Mit welchem personellen Aufwand muss ein Unternehmen rechnen?
Governance-Strukturen geben dem Nachhaltigkeitsbericht den nötigen Halt. Interne oder externe Prüfer von Maßnahmen, Datenerfassung und -auswertung sorgen für die Realisierung und Messung von Fortschritten. Es geht darum, Aufgaben nicht einzeln an Personen zu delegieren, sondern feste Verantwortliche zu haben. Ein großes Netzwerk aus Ansprechpartnern in verschiedenen Bereichen hilft dabei, die eigene Nachhaltigkeit effizient zu koordinieren.
Aber lohnen sich die Kosten zum Ertrag wirklich?

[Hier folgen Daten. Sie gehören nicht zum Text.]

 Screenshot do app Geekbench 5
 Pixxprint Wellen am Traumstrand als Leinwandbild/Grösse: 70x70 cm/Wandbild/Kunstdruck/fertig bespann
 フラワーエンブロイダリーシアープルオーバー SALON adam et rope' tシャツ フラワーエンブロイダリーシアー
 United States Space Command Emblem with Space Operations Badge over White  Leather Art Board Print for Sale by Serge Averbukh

Leider unterschätzen Unternehmen Klimarisiken häufig immer noch drastisch. Oft gibt erst die Erstellung des Reports den Anstoß, sich mit möglichen Klimaschäden und ihrer Bekämpfung zu beschäftigen. Dass ihre eigenen Abteilungen zukünftig auch davon betroffen sein könnten, ist vielen Firmen gar nicht klar.
Und dann kommen aus China weniger nachhaltige Produkte zum Bruchteil des Preises.
Manche Firmen hinterfragen nach einer Analyse ihr gesamtes Geschäftsmodell. Beziehen sie etwa einen Großteil ihrer Importe aus China, müssen sie etwaige negative Auswirkungen, zukünftige Risiken und entsprechende Anpassungen herausarbeiten. Die meisten Unternehmen wachsen mit ihren Aufgaben. Viele Betriebe scheuen am Anfang Aufwand und Kosten und möchten nur essenzielle Punkte abdecken. Das ändert sich aber meistens ganz schnell. Nach einer Weile finden Firmen Gefallen an der Methode, wollen immer mehr erfahren und nehmen das Thema Nachhaltigkeit in ihre Unternehmens-DNA auf.